* _Task details_
Type out the complete listing below word for word, without its pictures.

* _Provided data_

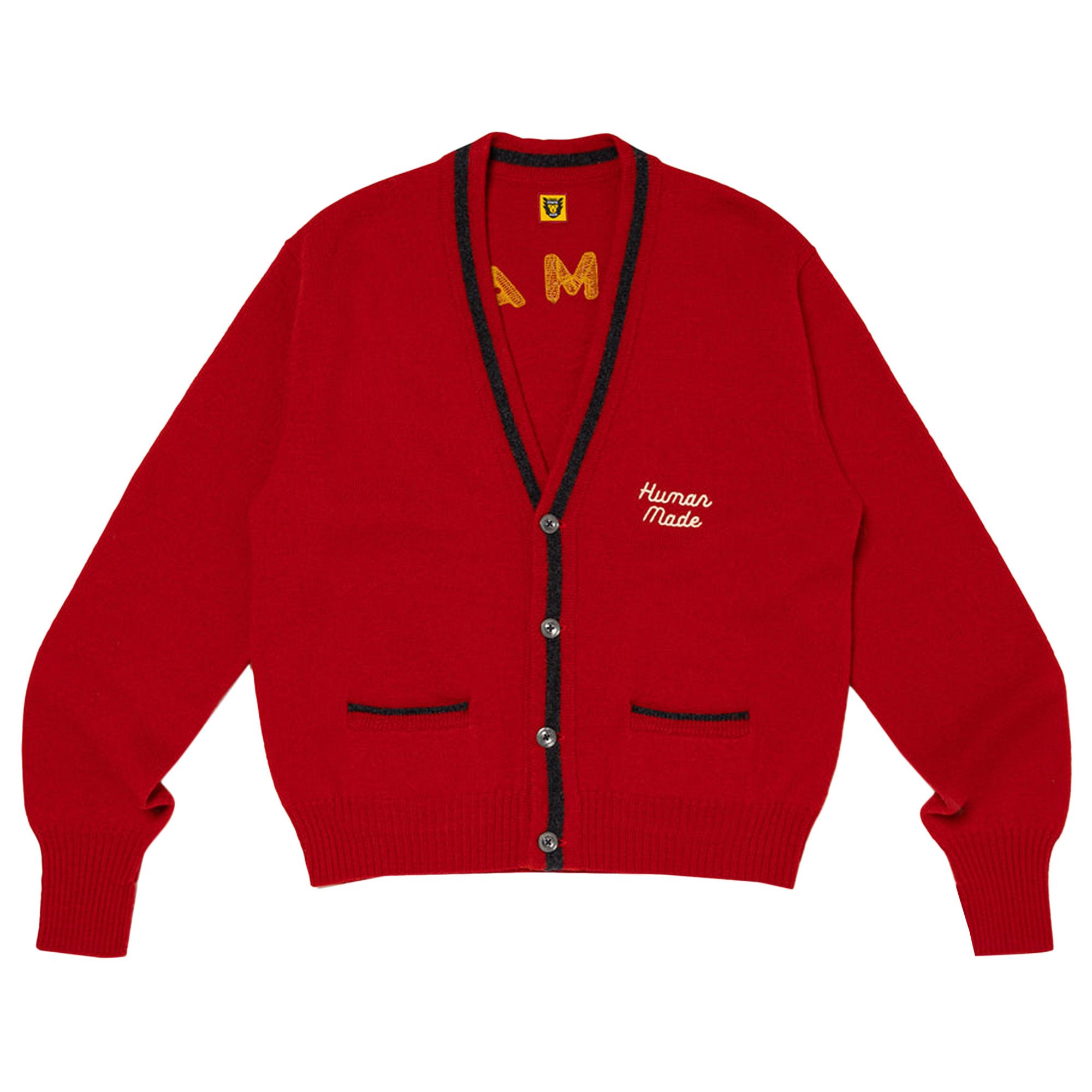 Buy Human Made Car Club Cardigan 'Red' - HM28CS026 RED | GOAT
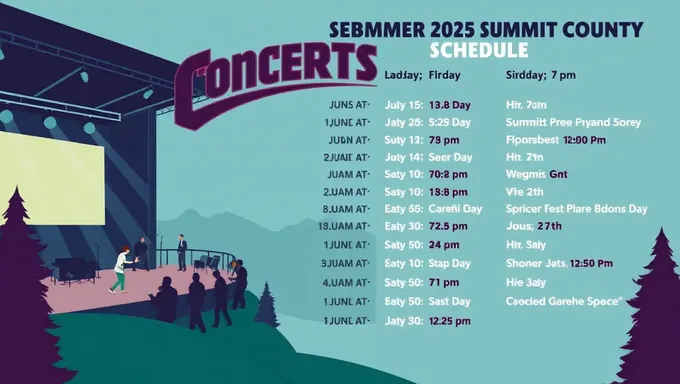 Summit County 2025 Concert Schedule Available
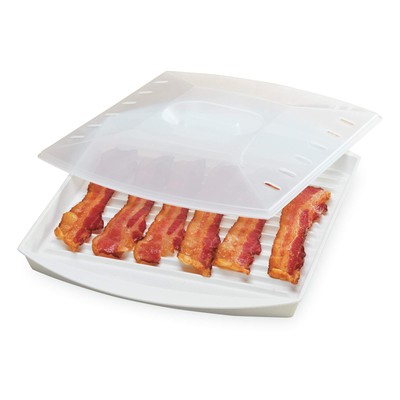 Progressive International Prep Solutions Microwavable Bacon Grill, White, 1 P...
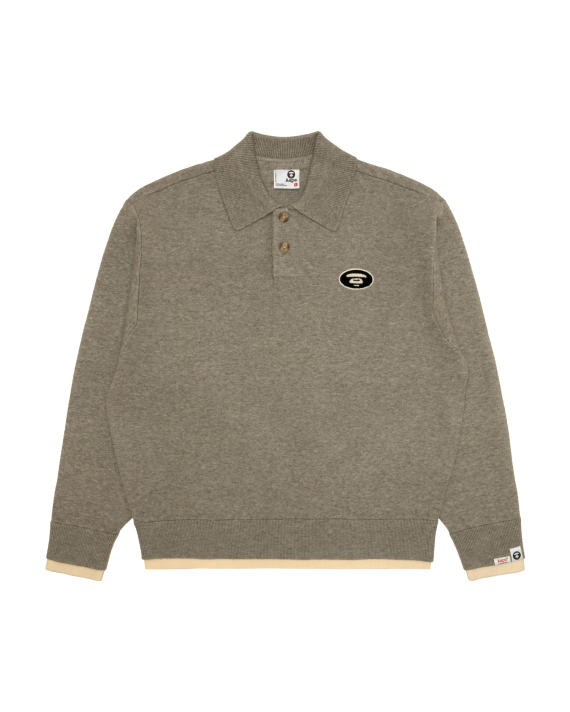 AAPE Moonface knit polo sweatshirt (E335XXR)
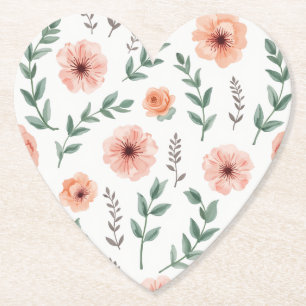 Bloempatroon Papier Onderzetter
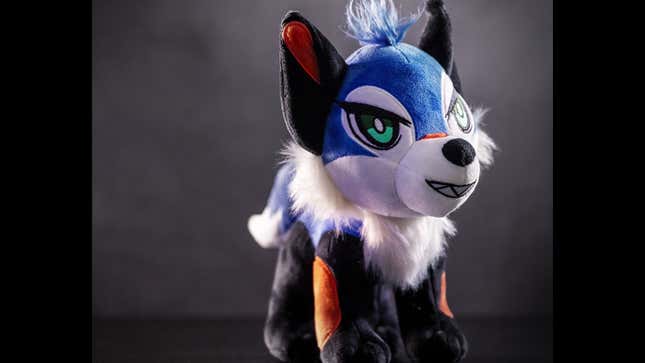 Photo of SonicFox plush toy. 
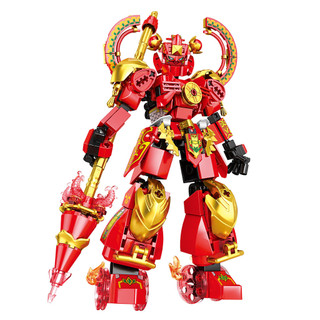Tương thích với Lego Khối lắp ráp Mech Warrior Quân đội Kiến trúc cổ đại DIY Hạt nhỏ Đồ chơi giáo dục trẻ em Quà tặng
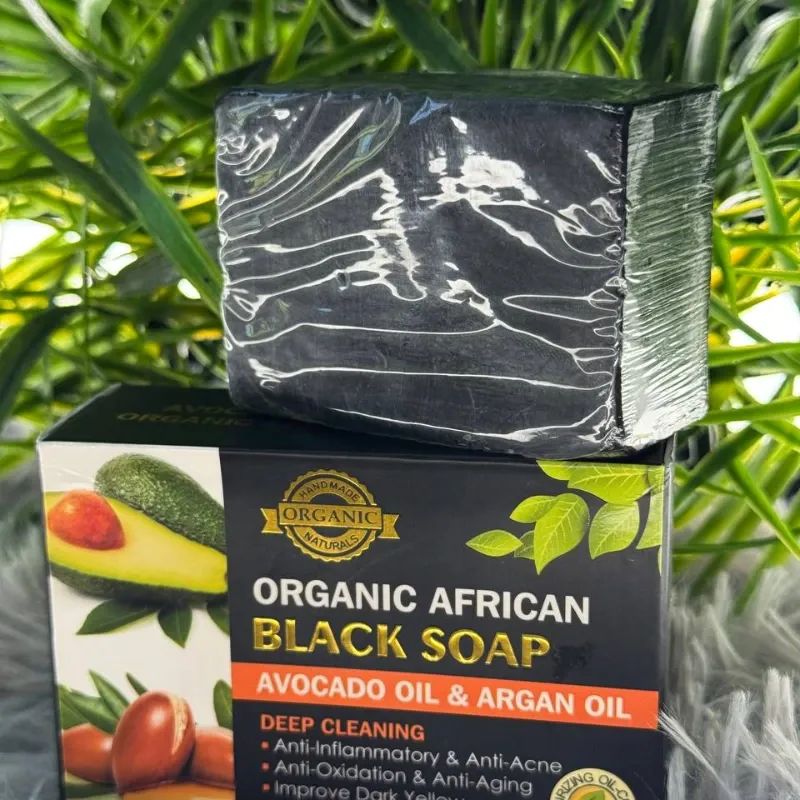 ✨Jabón Negro Africano Orgánico con Aceite de Aguacate y Argán✨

* _Response to this task_
 Buy Human Made Car Club Cardigan 'Red' - HM28CS026 RED | GOAT
 Summit County 2025 Concert Schedule Available
 Progressive International Prep Solutions Microwavable Bacon Grill, White, 1 P...
 AAPE Moonface knit polo sweatshirt (E335XXR)
 Bloempatroon Papier Onderzetter
 Photo of SonicFox plush toy. 
Tương thích với Lego Khối lắp ráp Mech Warrior Quân đội Kiến trúc cổ đại DIY Hạt nhỏ Đồ chơi giáo dục trẻ em Quà tặng
 ✨Jabón Negro Africano Orgánico con Aceite de Aguacate y Argán✨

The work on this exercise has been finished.